* **Material for this task**
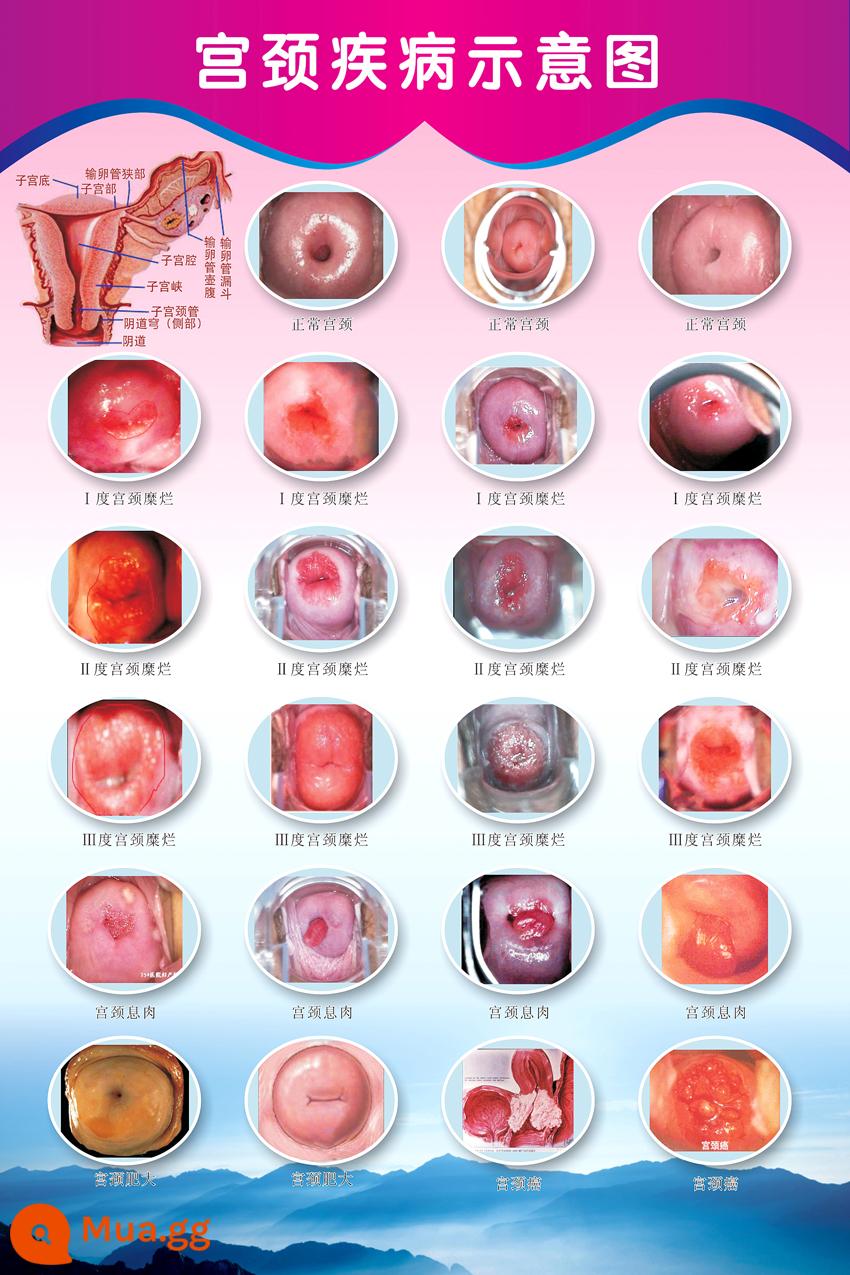 Sơ đồ giải phẫu hệ thống sinh dục nữ sơ đồ bệnh viện áp phích treo tường tử cung áp phích phụ khoa sơ đồ bệnh cổ tử cung - Sơ đồ cổ tử cung-3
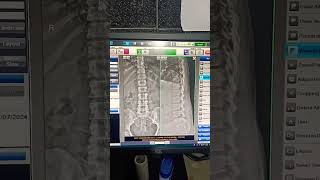 L S Spine x ray 😧 [upl. by Anilasor]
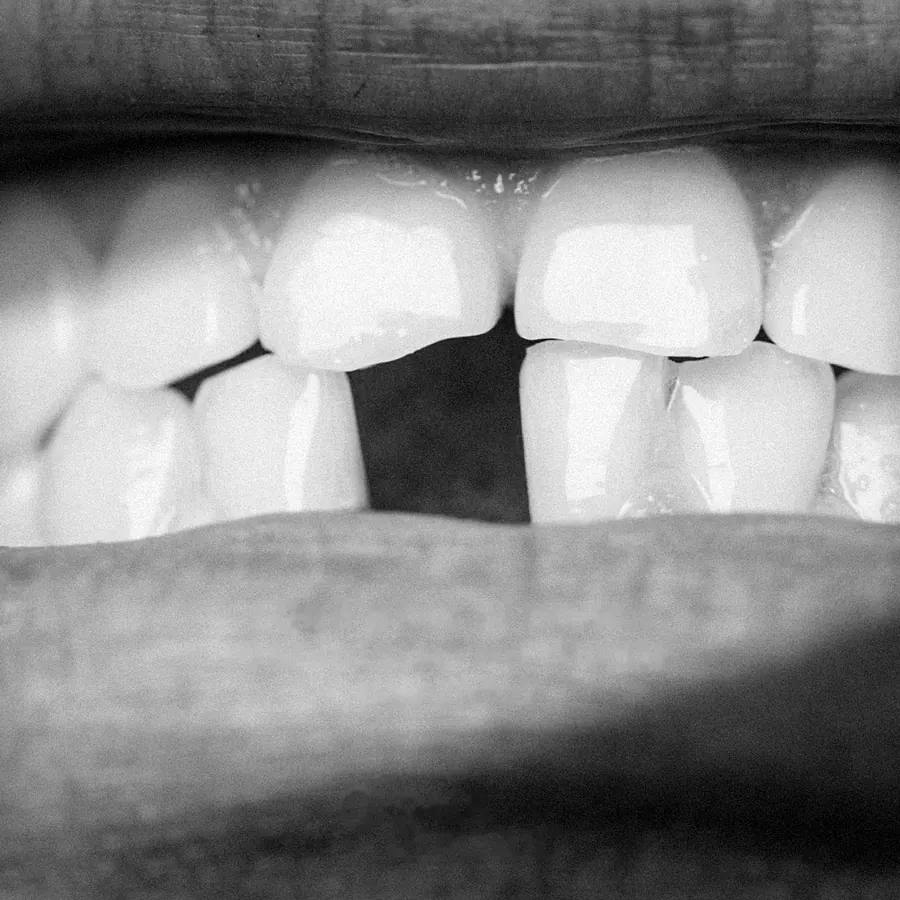 Hueco de un diente perdido entre los dientes frontales, en blanco y negro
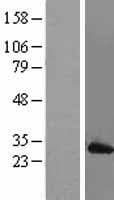 MAD2L1 / MAD2 Protein (Over-Expression Lysate Myc-DDK (Flag))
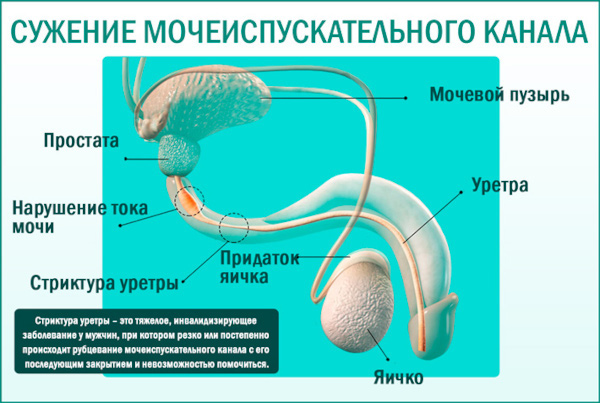 Подтекание мочи у мужчин после мочеиспускания. Причины и лечение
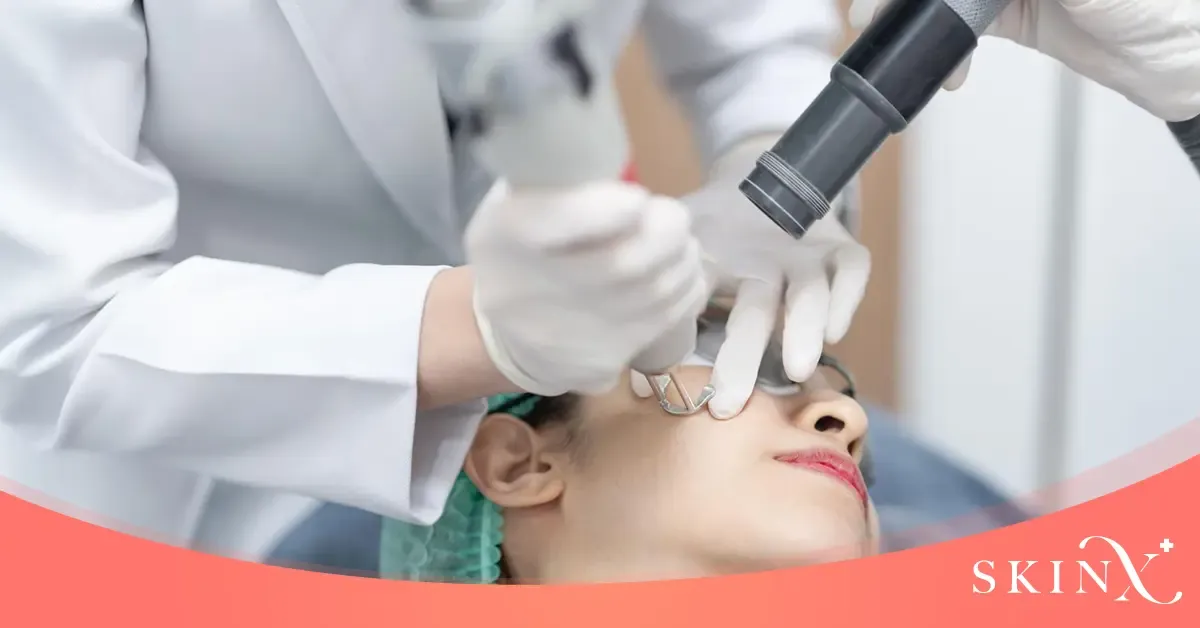 หลุมสิว-เลเซอร์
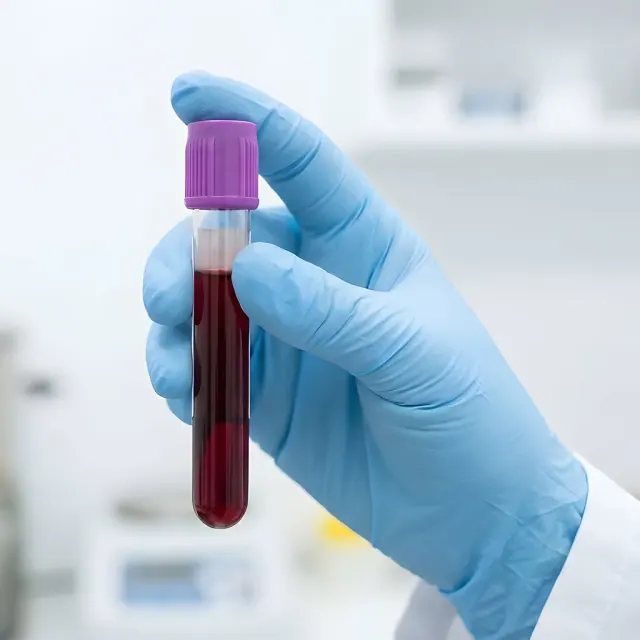 Functional Psychiatry lab testing tubes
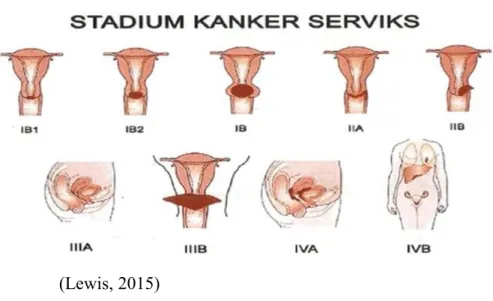 Gambar 2.1. Stadium Kanker Serviks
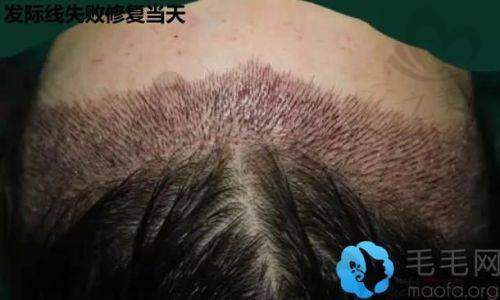 韩国毛茂MOMO植发医院价格贵吗——价格与服务质量的平衡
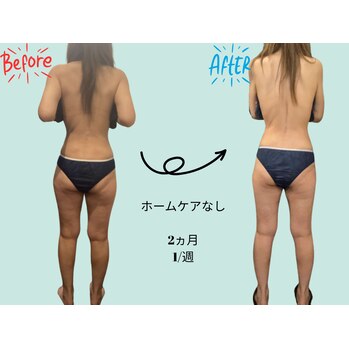 ビフォーアフター２（メディライン）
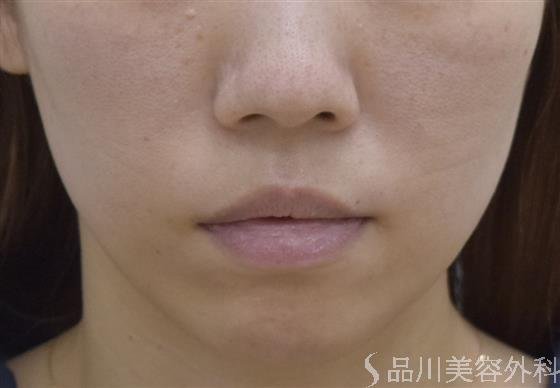 症例NO.47340のBEFORE写真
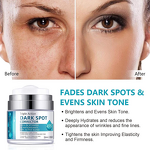 Dark Spot Corrector Cream Manufacturer - Moisturizer Remover Sun Spot Age Spot for Men Women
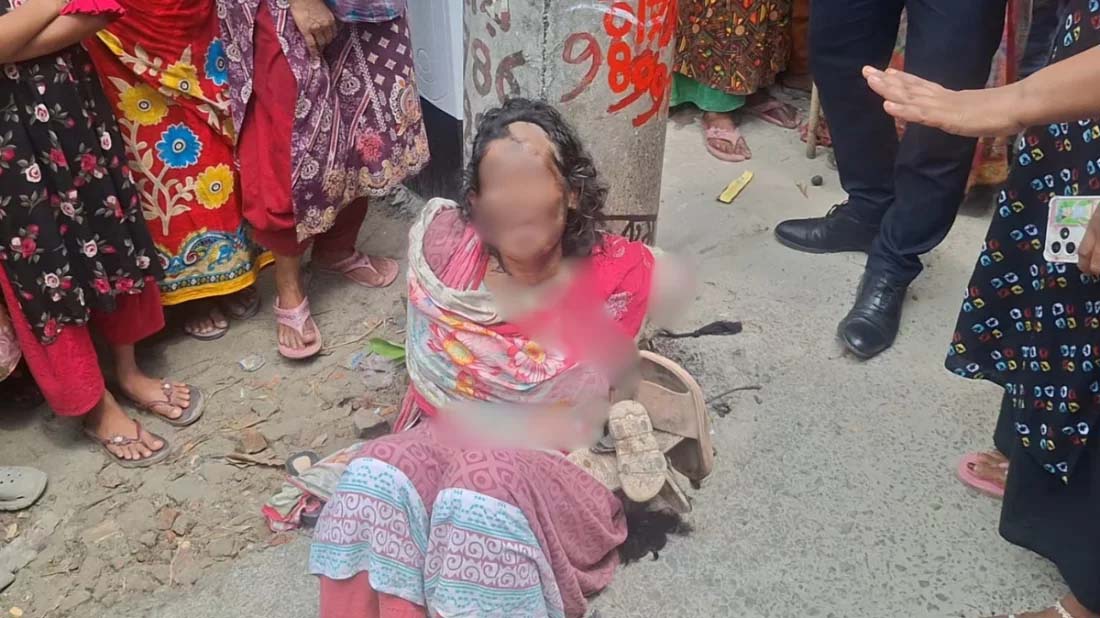 শরীয়তপুরে নারীকে খুঁটিতে বেঁধে মারধর, হাসপাতালে ভর্তি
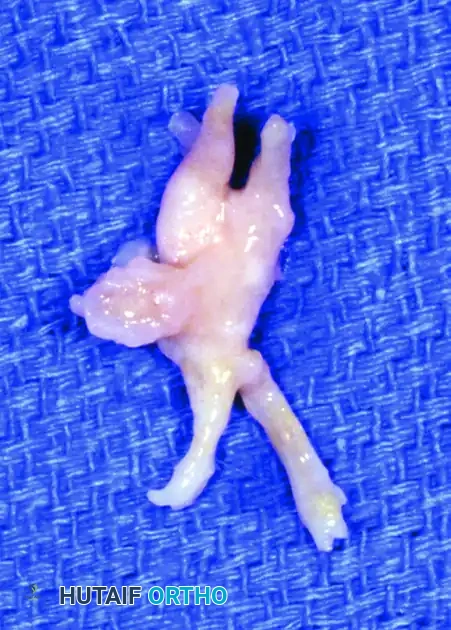 Interdigital Neuroma Excision: The Dorsal Approach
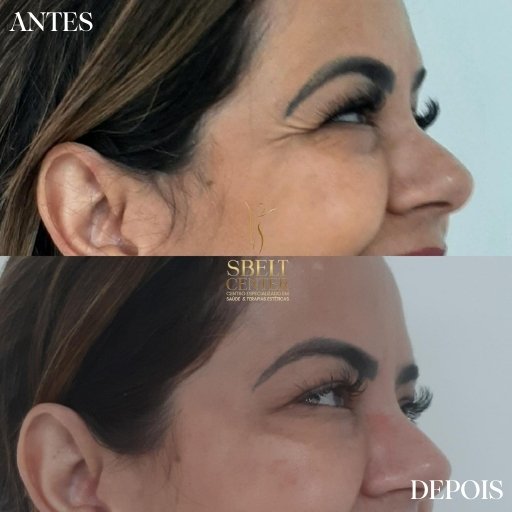 Botox (16)
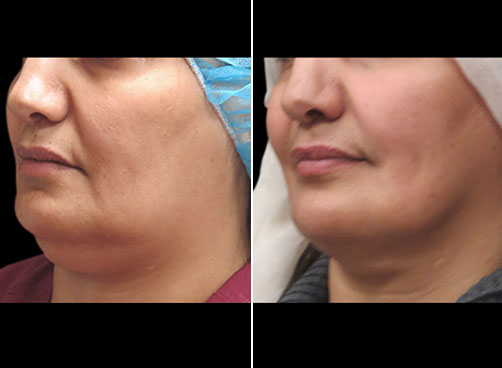 Laser Neck Lift Surgery Before & After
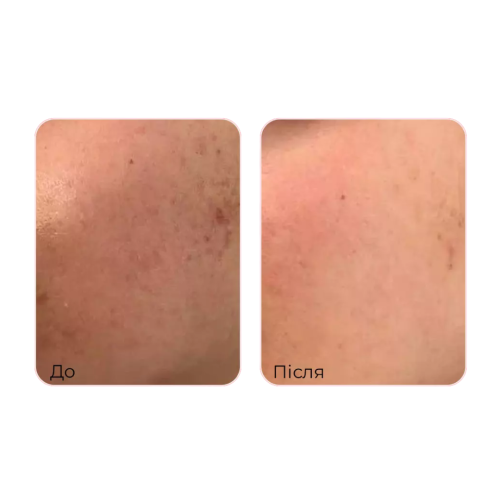 Маска з колагеном та лактобактеріями Medi-Peel Red Lacto Collagen Pore Lifting Mask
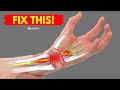 How To Fix Wrist Pain For Good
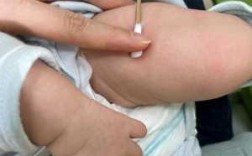 婴儿打疫苗打腿上是什么情况 为什么婴儿疫苗打大腿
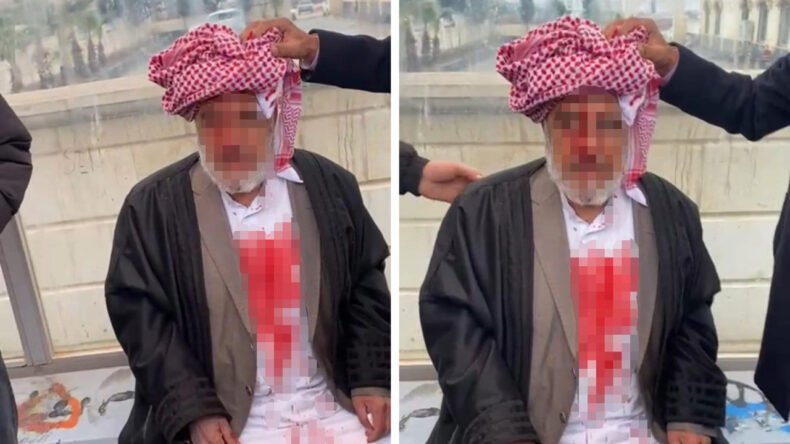 Yaşlı Adamı Darp Eden 4 Kişi Tutuklandı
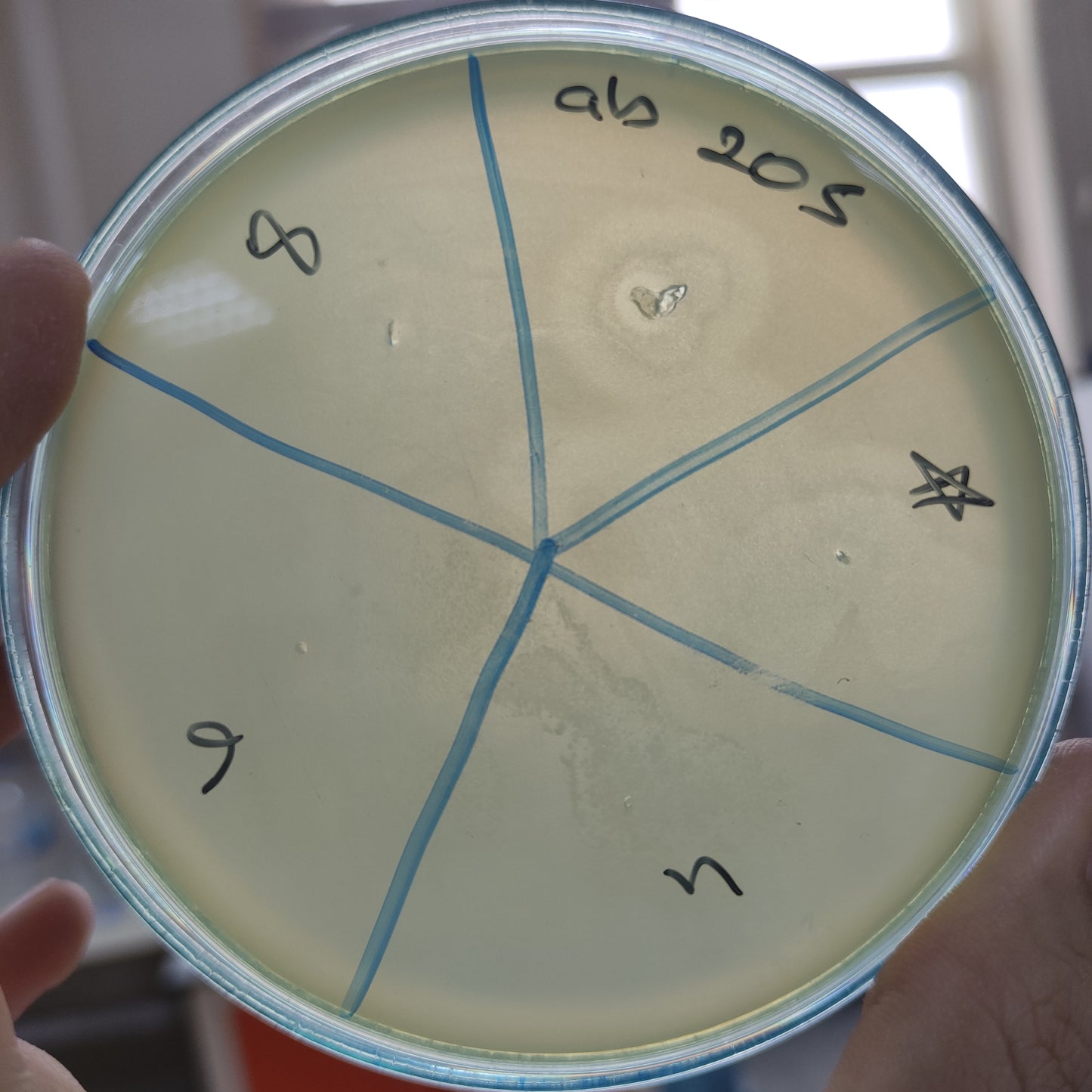 Acinetobacter baumannii bacteriophage 120205A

* **Task details**
Without including any pictures, repeat the records above exactly.

* **The completed task**
 Sơ đồ giải phẫu hệ thống sinh dục nữ sơ đồ bệnh viện áp phích treo tường tử cung áp phích phụ khoa sơ đồ bệnh cổ tử cung - Sơ đồ cổ tử cung-3
 L S Spine x ray 😧 [upl. by Anilasor]
 Hueco de un diente perdido entre los dientes frontales, en blanco y negro
 MAD2L1 / MAD2 Protein (Over-Expression Lysate Myc-DDK (Flag))
 Подтекание мочи у мужчин после мочеиспускания. Причины и лечение
 หลุมสิว-เลเซอร์
 Functional Psychiatry lab testing tubes
 Gambar 2.1. Stadium Kanker Serviks
 韩国毛茂MOMO植发医院价格贵吗——价格与服务质量的平衡
 ビフォーアフター２（メディライン）
 症例NO.47340のBEFORE写真
 Dark Spot Corrector Cream Manufacturer - Moisturizer Remover Sun Spot Age Spot for Men Women
 শরীয়তপুরে নারীকে খুঁটিতে বেঁধে মারধর, হাসপাতালে ভর্তি
 Interdigital Neuroma Excision: The Dorsal Approach
 Botox (16)
 Laser Neck Lift Surgery Before & After
 Маска з колагеном та лактобактеріями Medi-Peel Red Lacto Collagen Pore Lifting Mask
 How To Fix Wrist Pain For Good
 婴儿打疫苗打腿上是什么情况 为什么婴儿疫苗打大腿
 Yaşlı Adamı Darp Eden 4 Kişi Tutuklandı
 Acinetobacter baumannii bacteriophage 120205A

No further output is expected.